California has been a pioneer of water conveyance since the mid-1800s, when the Gold Rush highlighted the importance of water to the mining industry and to the economy. Since then, the Western United States has spearheaded some of the largest water infrastructure projects in the world, including the Hoover Dam in the 1930s and the California State Water Project in the 1960s.
California’s infrastructure moves water over vast distances through innovative engineering, and in the process, it has created one of the most productive agricultural regions in the world–the Central Valley. However, California is now paying the price for stretching a finite resource to its limits, including massive rates of groundwater depletion and significant amounts of land subsidence.

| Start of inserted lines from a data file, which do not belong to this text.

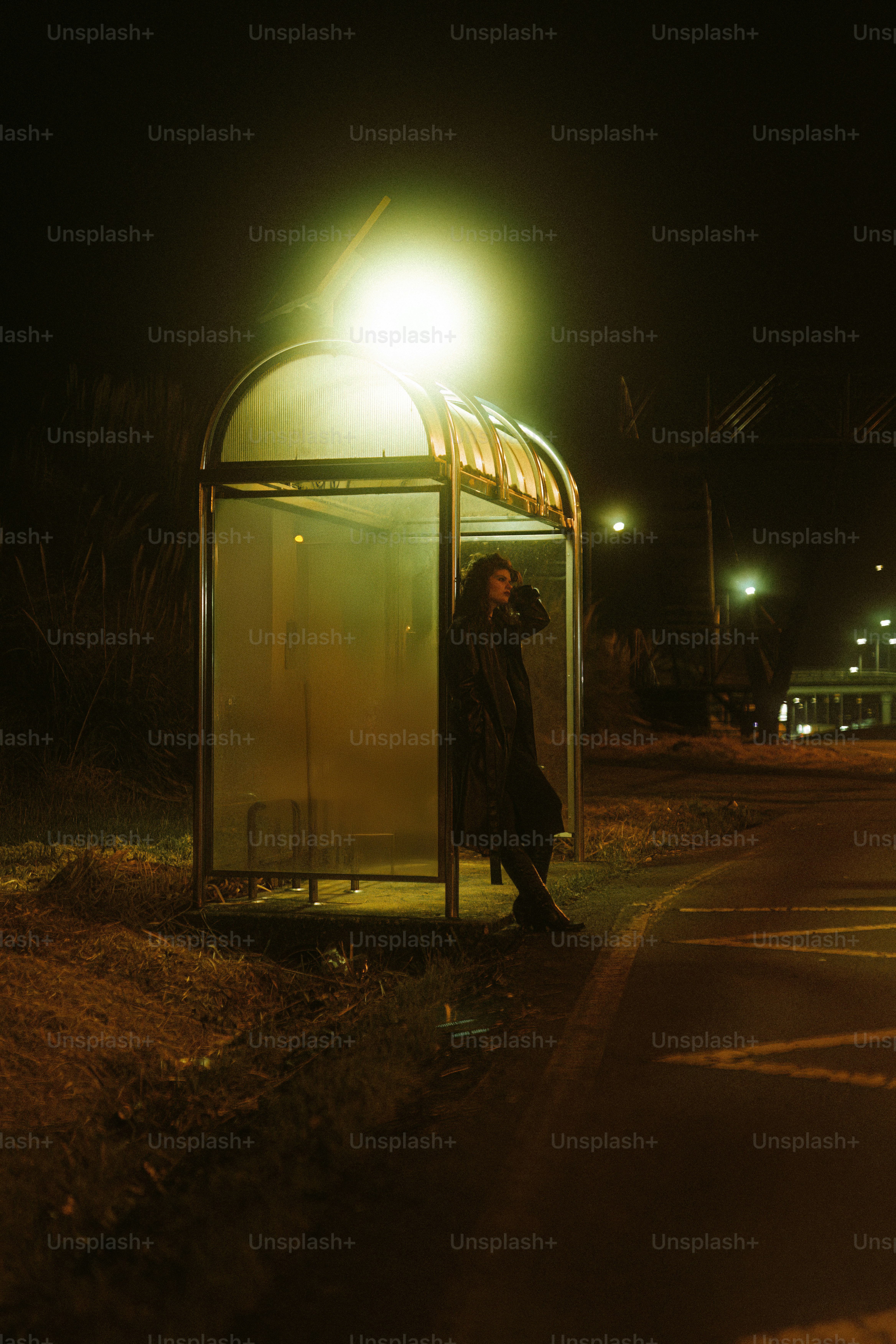 A man standing next to a bus stop at night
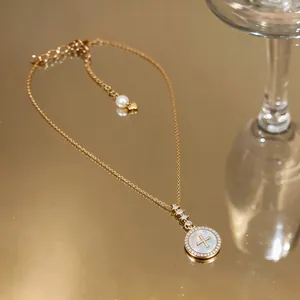 Detailed macro view of 18k gold plated round necklace with zircon and pearl accents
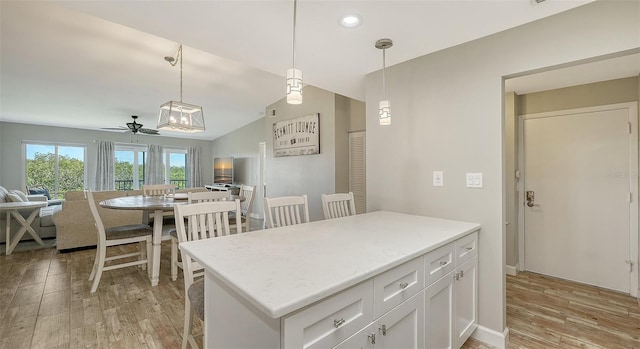 kitchen with open floor plan, hanging light fixtures, light wood finished floors, and white cabinetry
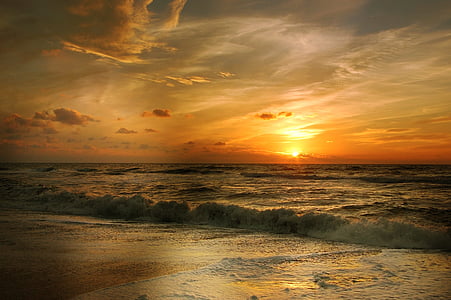 orange horizon with waves of ocean thumbnail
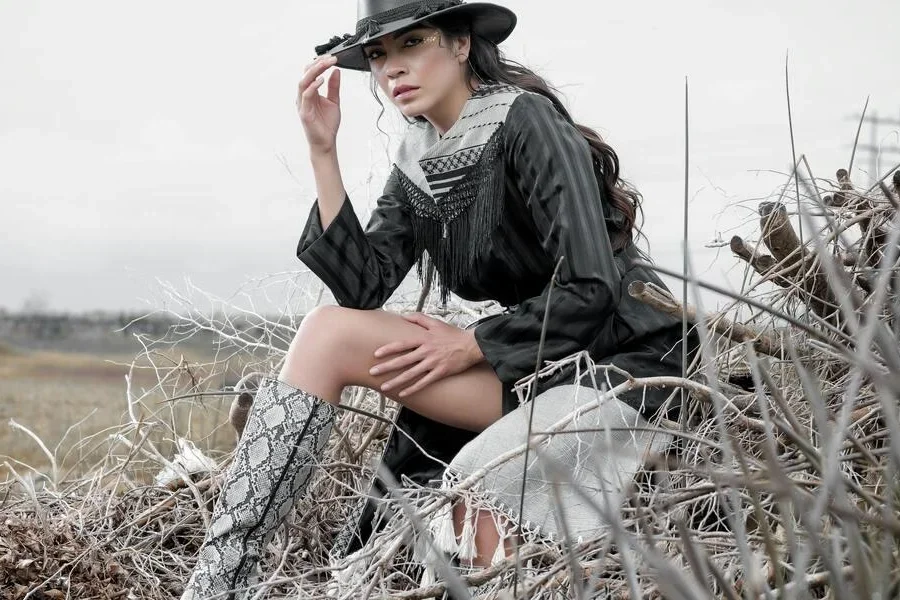 Người phụ nữ mặc trang phục cowgirl ngồi trên đống cỏ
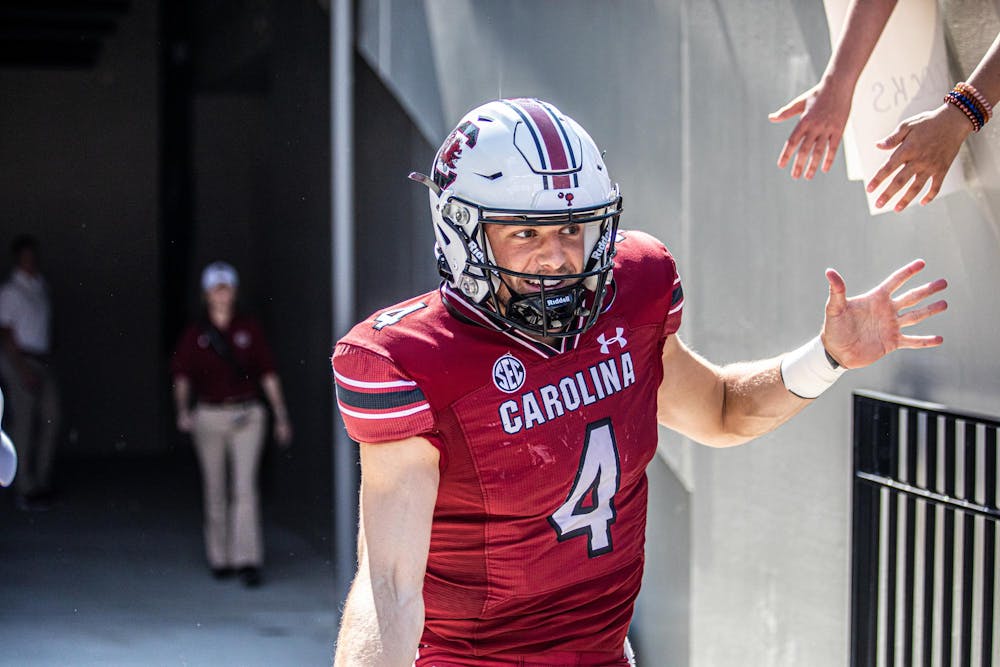 <p>FILE — Redshirt senior quarterback Luke Doty high-fives fans while running out of the tunnel before the Troy football game on Saturday, Oct. 2, 2021. Doty has been playing as a wide receiver for the Gamecocks in the 2023 season, changing his impact on the team.</p>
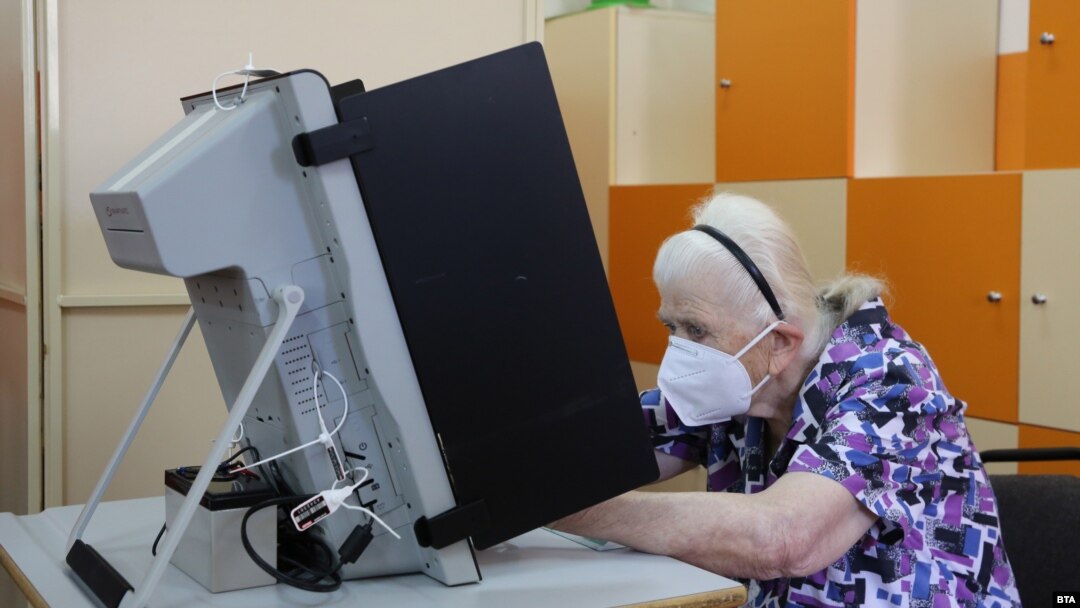 O femeie din Bulgaria în fața unei mașini de vot la alegerile parlamentare din 2021. Siguranța electronică a proceselor electorale contează din ce în ce mai mult în toată lumea în contextul intensificării atacurilor cibernetice.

Tradeoffs due to such engineering triumphs are arising in California, including the well-known decline of the Bay Delta ecosystem, and the demise of the Colorado River, which now dries before it reaches the Pacific Ocean. In response, increased tensions are occurring between Northern and Southern California, farmers and fishermen, and environmentalistsand water managers, prompting California to consider new solutions to mitigate increased confrontation over water.
Like California, India has grown its agricultural economy, while supporting the second largest population in the world, by harnessing the potential of its water resources. However, the majority of agriculture in India relies primarily on groundwater, instead of a combination of surface and subsurface waters. One of the most riveting experiences for me at WWW 2013 happened in a side event on Groundwater Information Reliability and International Cooperation, during which UCCHM Director Jay Famiglietti presented our team’s research on how the NASA GRACE mission has helped identify major regions of groundwater depletion around the world. Following the panel discussion, Alok Rawat, Secretary of the Ministry of Water Resources of India, shared the fact that in response to such research findings, the government of India has recently added approximately 50,000 groundwater monitoring wells, and embarked upon an ambitious national aquifer mapping program, to inform sustainable water management. This statement brought on applause from the entire room.

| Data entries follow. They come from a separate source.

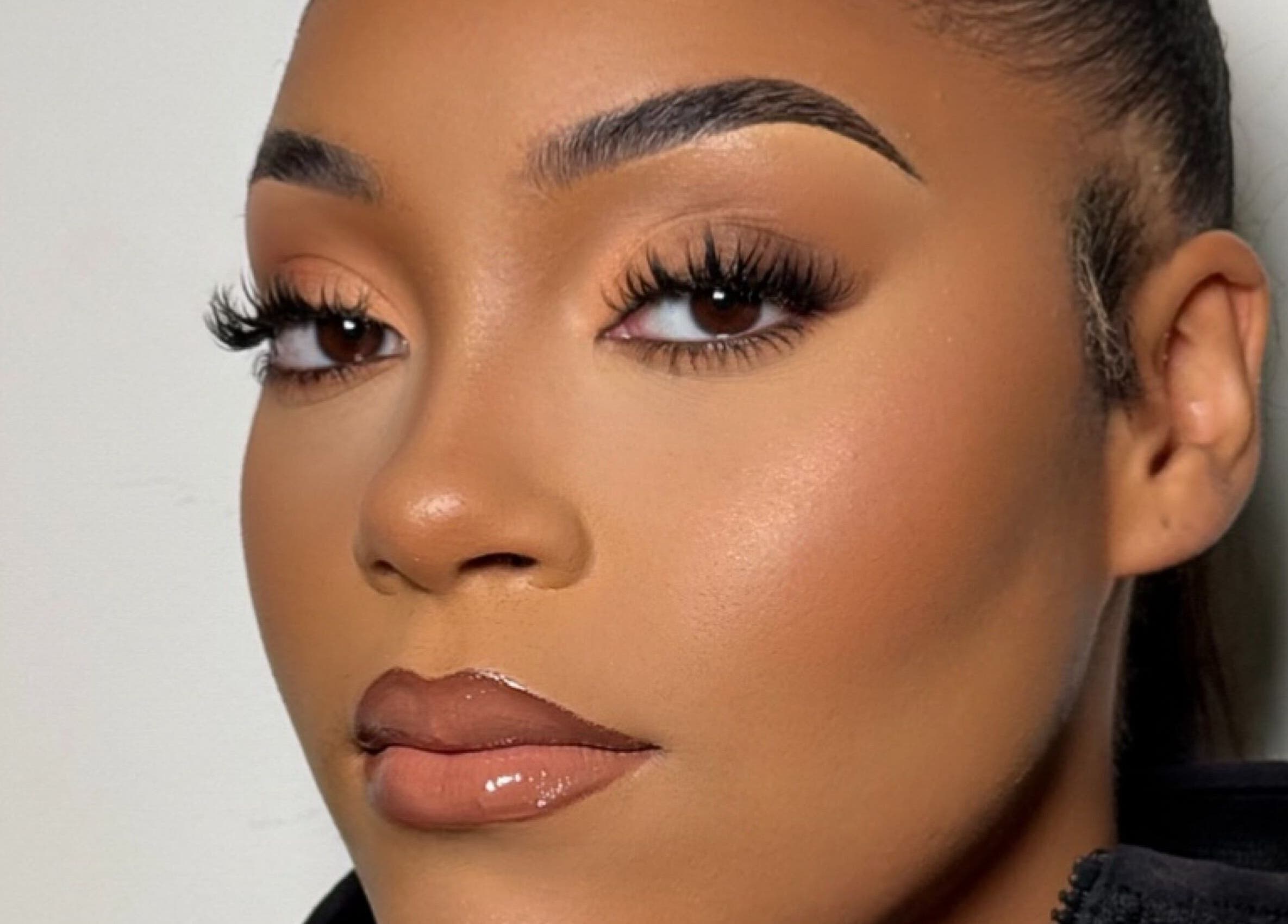 Elegant makeup at INTISAR, London, England, GB showcasing flawless skin and bold lashes.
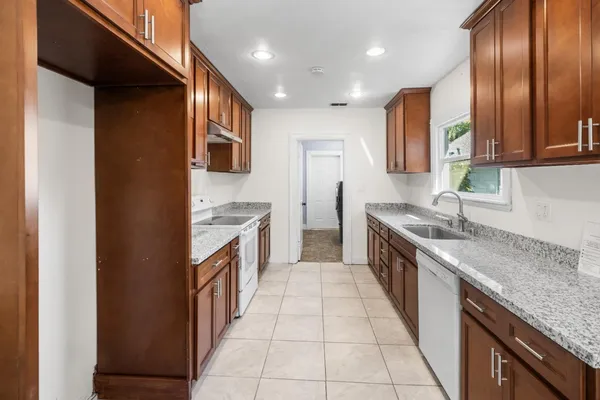 a kitchen with a sink stove top oven and cabinets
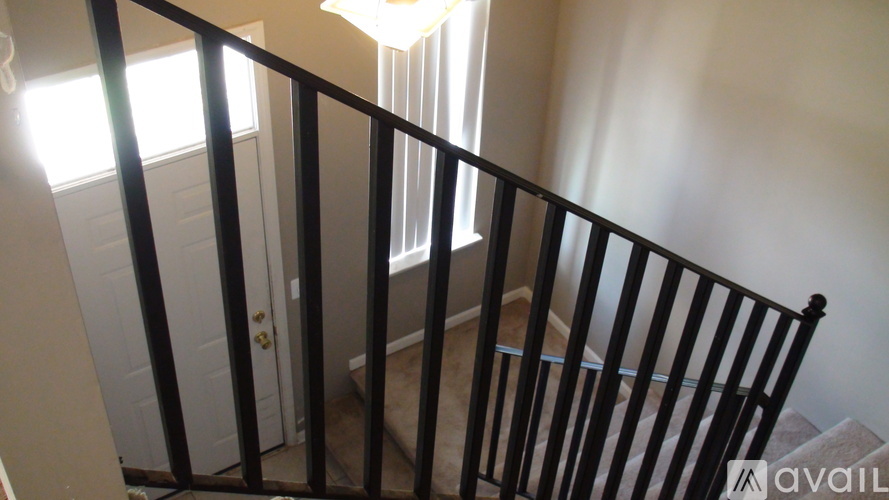 A staircase with a black railing and a white door in the background.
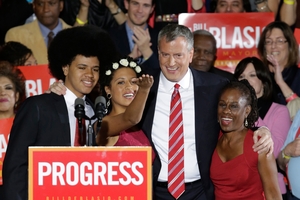 Bill de Blasio poses with son Dante, daughter Chiara and wife Chirlane after he was elected the first Democratic Mayor of New York City in 20 years. Photo / AP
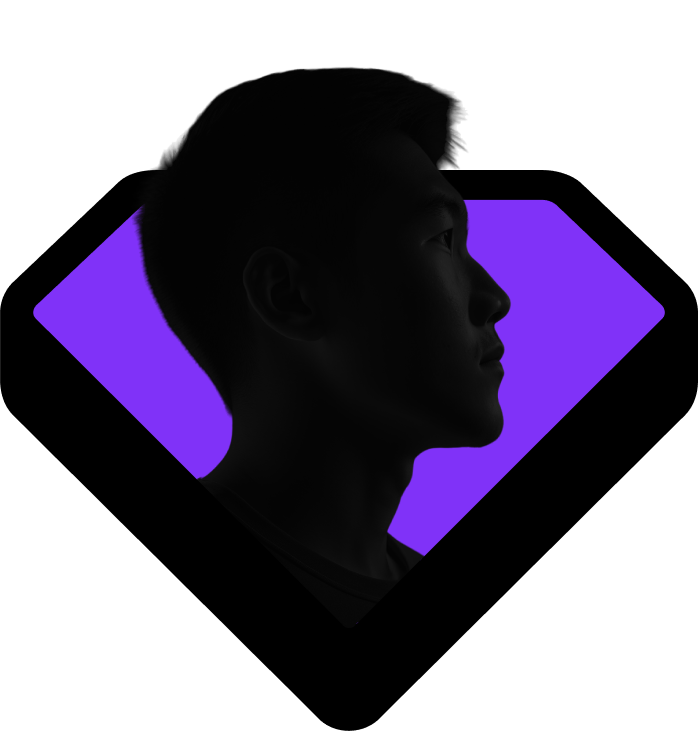Silhouette of a man's side profile against a purple diamond-shaped background.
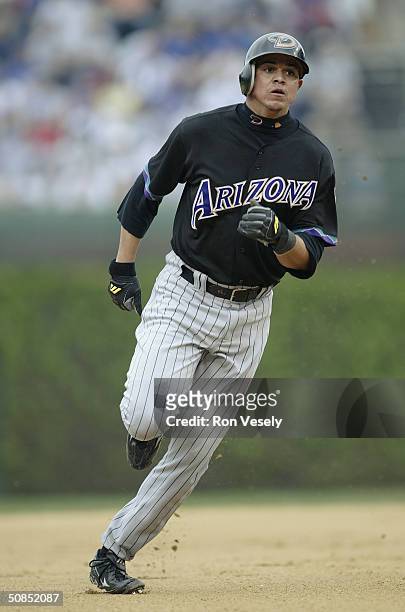Infielder Alex Cintron of the Arizona Diamondacks runs the baseline during the game against the Chicago Cubs at Wrigley Field on May 6, 2004 in...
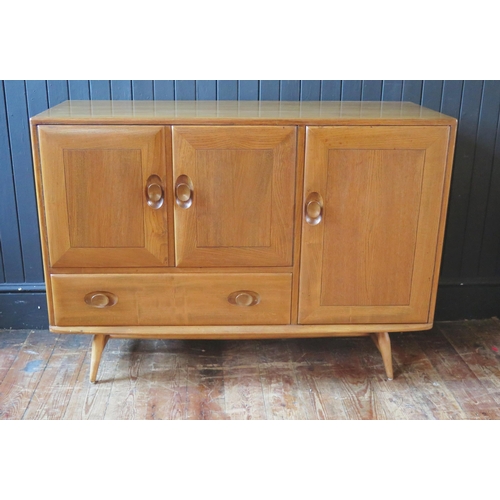 1327 - An Ercol sideboard of rectangular outline, containing an arrangement of a pair of cupboard doors a l...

One region above all stood out to me in its mission to achieve a sustainable water future: Africa. The lack of connection between funding and planning prohibit large scale infrastructure implementation, leading to continued issues with poor water sanitation, storm-water runoff management and water supplies, as explained by WaterAid’s Timeyin Uwejamomere. Uwejamomere emphasized the need for long term master plans beyond 20 years; perhaps the creation of a 50-year master plan to ensure that large-scale infrastructure can be implemented.
Along with infrastructure challenges, there is also significant transboundary conflict in Africa that complicates both above and below ground water resources management. Fortunately, many of those present at WWW are intently focused on Africa’s water future. This ‘blank slate’ provides the freedom and the opportunity to improve upon the many mistakes already made in the developed world. In fact, Africa’s water leaders are already learning from these mistakes, and despite the transboundary conflict, the continent’s decision-makers are discussing the best ways to monitor and manage groundwater and surface water across political boundaries.

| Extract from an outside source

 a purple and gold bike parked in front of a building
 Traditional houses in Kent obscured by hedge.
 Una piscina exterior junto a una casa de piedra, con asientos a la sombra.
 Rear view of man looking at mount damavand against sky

What can we bring home from WWW 2013? John Matthews from the Alliance for Global Water Adaptation in Oregon gave great insight into future water management challenges by highlighting the difference between ecological versus engineering solutions. California’s engineering approach to water management has included massive dams and thousands of miles of water conveyances, solutions which become more unlikely in our water future with each passing year. Perhaps we would benefit from ecologically-based approaches to combating water overuse. We can also learn from India’s speedy response to map its groundwater reserves in the face of tremendous rates of depletion. Perhaps the forward thinking of Africa in acknowledging the importance of both surface water and groundwater management is another important lesson we can adopt here in the United States.